Salute di ferro la sua. "Diciamo che ho ricevuto una buona eredità genetica. Mia nonna un giorno telefonò a mia madre dicendole che a 104 anni non le mancava niente, ma era stanca di vivere. Tempo un mese e non si svegliò più. Stessa cosa mia madre. A più di novant’anni. Mai fumato, mai drogato, non tocco alcol, mangio una volta al giorno, faccio palestra dall’età di 17 anni, sono cintura nera di karate 2° dan e ho fatto campionati di sci. Ma cerco soprattutto di mantenere le sinapsi in funzione".

Come? "Poca tv e tanta lettura. E poi lo studio: astrofisica e astronomia. Il nostro cervello è costituito da 80 miliardi di neuroni e 175 miliardi di sinapsi. Non puoi ringiovanire, ma rallentare il processo di deperimento delle sinapsi, sì. Come? Riempiendoti la testa di nuovi progetti. Per questo continuo a fare concerti. E a scrivere libri".

Gli altri che prima o poi pubblicherà? "Un romanzo tipo Giulio Verne intitolato ‘Storia di una Cinquecento’ che racconta un viaggio al centro della terra. Ma sto scrivendo pure ‘Una vita d’avventura, la mia’, autobiografia che mi racconta dall’età di 4 anni. Il terzo titolo nel cassetto è ‘In viaggio con Siddartha’, romanzo che parte dalle pagine di Hesse per raccontare per raccontare gli Anni 60 di un ragazzo che, dopo una giovinezza passata tra le quattro mura di casa, decide di andarsene alla scoperta del mondo".

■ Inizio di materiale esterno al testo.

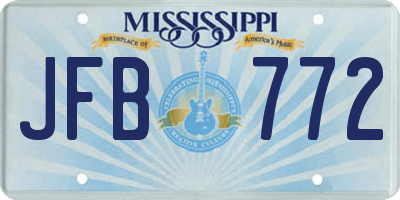 MS license plate JFB772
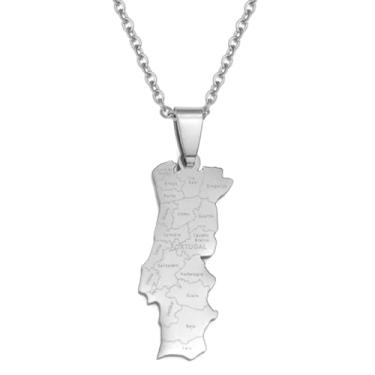Imagem de N-Made Beautifull Colares com pingente de mapa de Portugal com nome das cidades para homens e mulheres - Joias portuguesas - Acessórios significativos para presentes de Natal e Ano Novo com bolsa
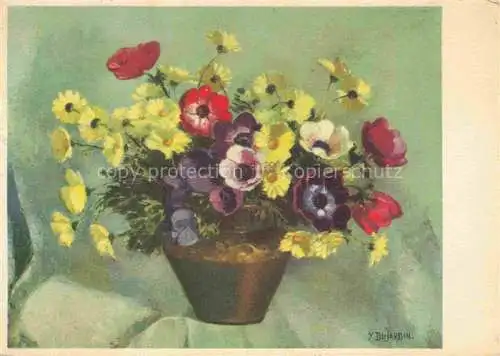 AK / Ansichtskarte DUJARDIN Y. Kuenstlerkarte Gelbe Margriten und Anemonen  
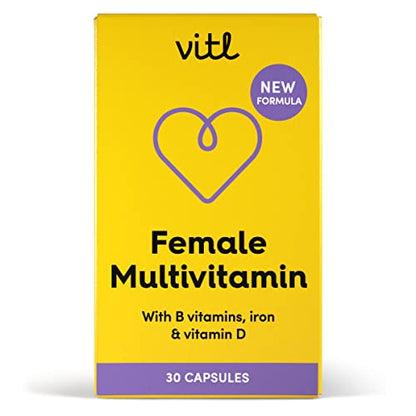 Vitl Female Multivitamin & Minerals Supplement - 30 Vegan Capsules - 21 Essential Active - Maple Wellness Supplements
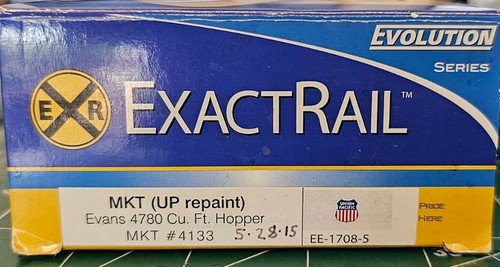 EE-1708-5 Exactail Union Pacific MKT UP 4780 Evans 3-Bay Covered Hopper - Picture 2 of 8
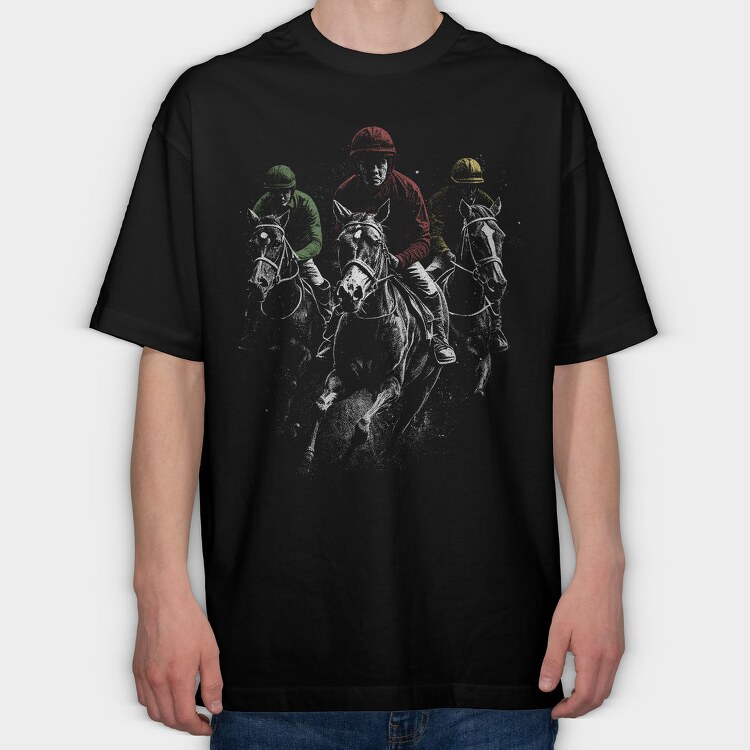 Horse Racing Action, Tricou Oversize Barbati (Unisex)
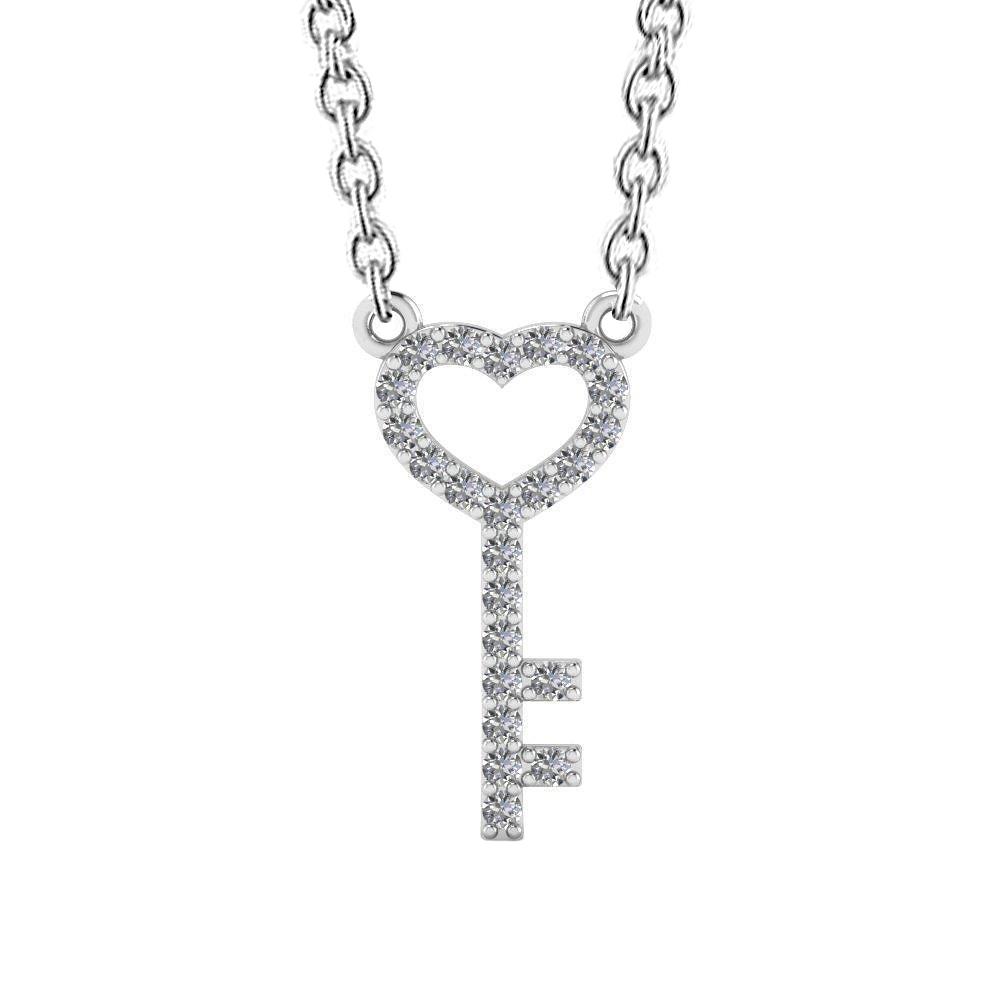 Picture of Harry Chad Enterprises 56402 2.30 CT Round Cut Diamonds Key Heart Pendant Necklace&#44; 14K White Gold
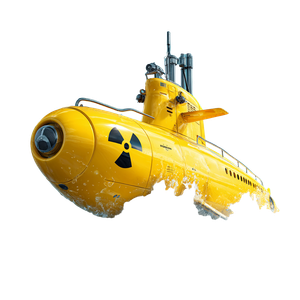 Yellow Nuclear Submarine Vinyl Car Decal Sticker – Waterproof & UV-Resistant 3.4133333333333336"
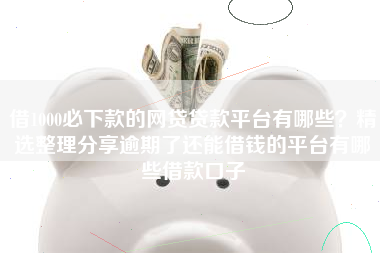 借1000必下款的网贷贷款平台有哪些？精选整理分享逾期了还能借钱的平台有哪些借款口子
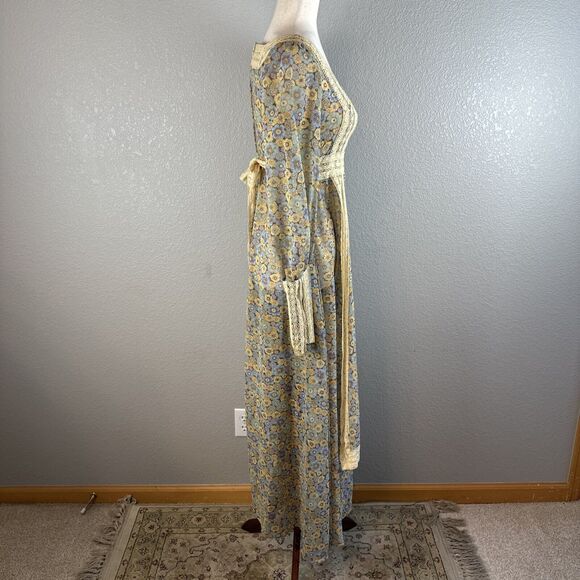 Gunne Sax Black Label Vintage Floral Cottage Prairie Dress Size 9 S Long Sleeve - Picture 9 of 11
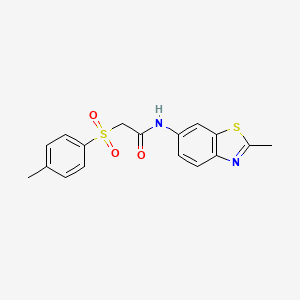 molecular formula C17H16N2O3S2 B2433125 N-(2-methyl-1,3-benzothiazol-6-yl)-2-(4-methylbenzenesulfonyl)acetamide CAS No. 895441-87-9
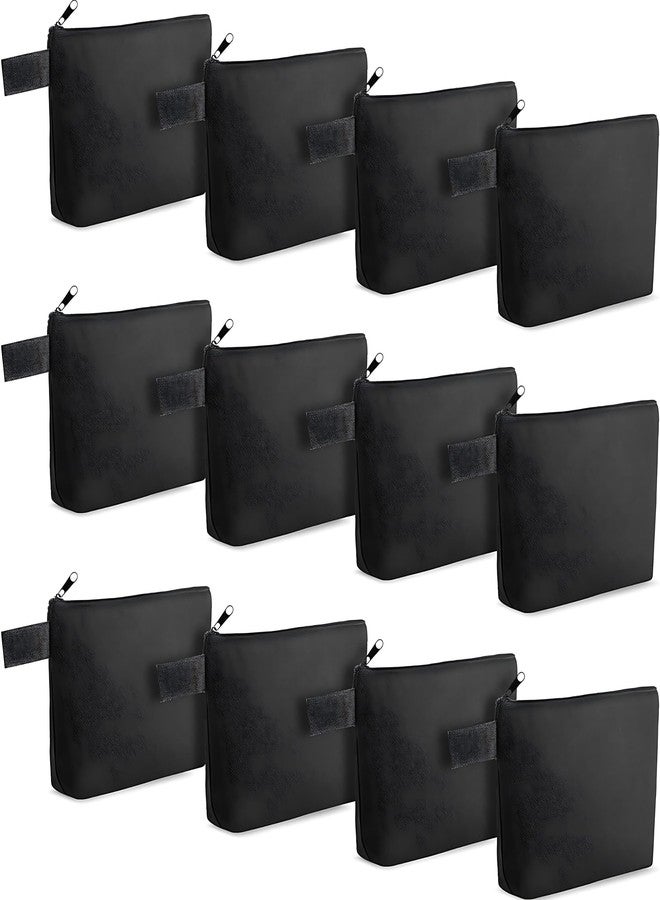 Metsi 12 Pack Canvas Makeup Bag - Cosmetic Pouches with Zipper, DIY Plain Toiletry Bags for Women, Travel, Weddings, Stationery, Gifts, Dark Black - Image 1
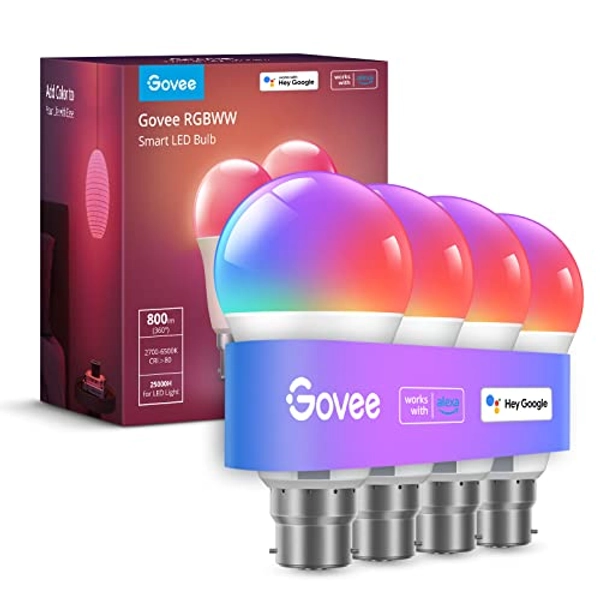 Govee RGBWW Smart Light Bulbs, Colour Changing LED Bulbs with Music Sync, 54 Dynamic Scenes 16 Million DIY WiFi & Bluetooth LED Bulbs Work with Alexa, Google Assistant & Govee Home App, 4 Packs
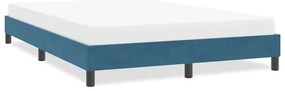 Estrutura de cama sem colchão 140x210 cm veludo azul-escuro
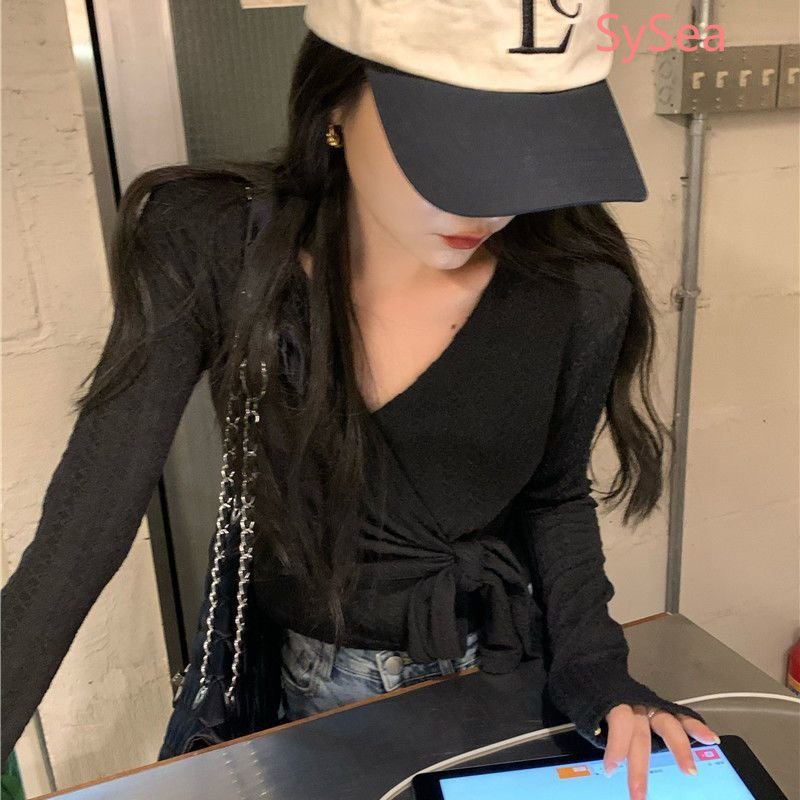 Áo Kiểu Tay Dài Cổ Chữ V Thời Trang Quyến Rũ Cho Nữ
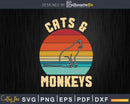 Funny Vintage Retro Cats and Monkeys Svg Png Digital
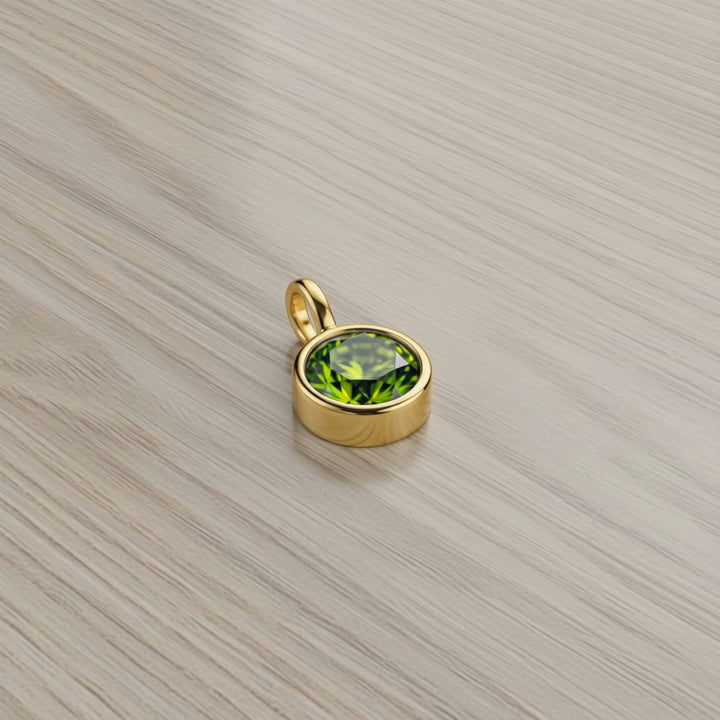 August Peridot Birthstone Charm – Gold Plated over Sterling Silver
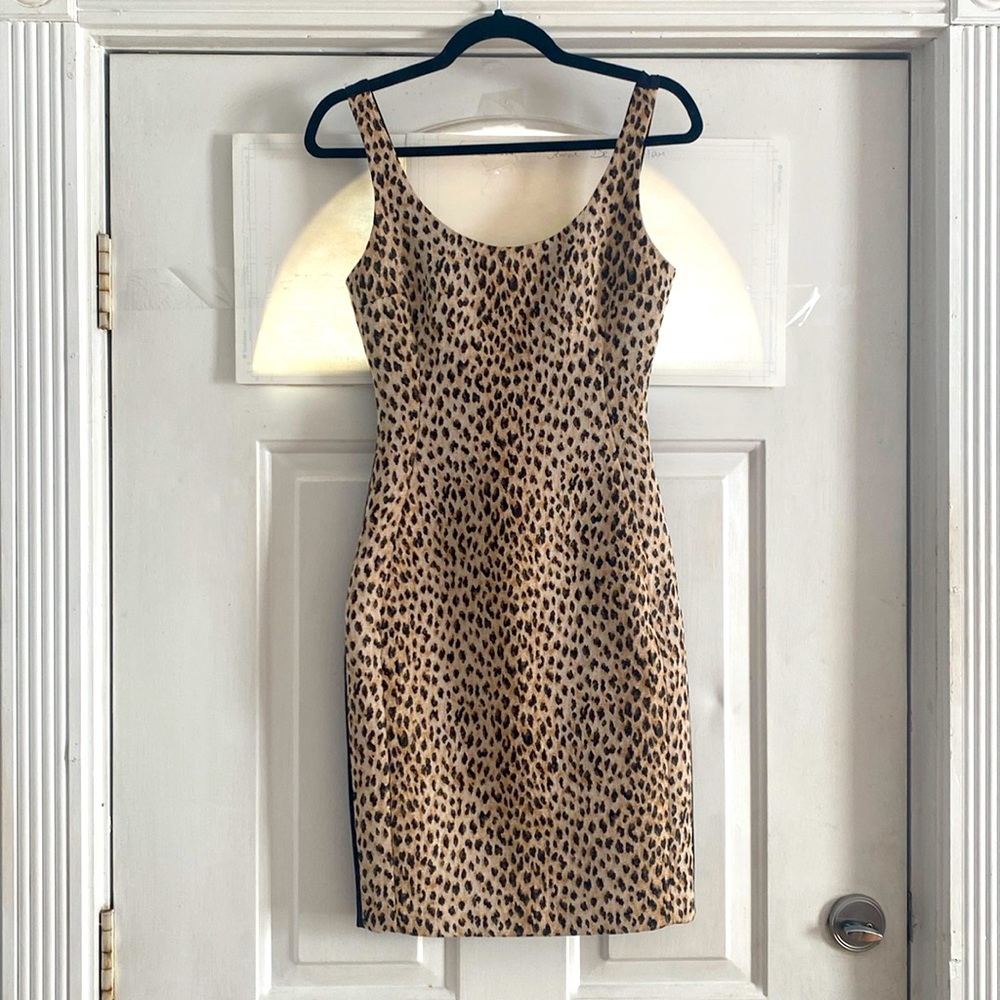 DVF Diana Von Furstenberg black and leopard animal print  mini dress size 0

E nella sua dui scoperta del mondo che ruolo ha avuto l’ultraterreno? "Non ho il beneficio della fede, ma nella mia filosofia personale ho inserito il dubbio. Quel dubbio di cui parlano Socrate, Platone e Sant’Agostino. Ho letto i vangeli, i vangeli apocrifi, una parte della Bibbia, che trovo un libro terribile, il Corano. Reputo Gesù Cristo un grande personaggio, il Che Guevara dei suoi tempi, ucciso per aver detto qualcosa di rivoluzionario: siamo tutti uguali. Come diceva una grande scienziata quale Margherita Hack: è inutile avere un concetto religioso se non hai una morale. Io nella mia vita un concetto religioso non ce l’ho, ma una morale sì".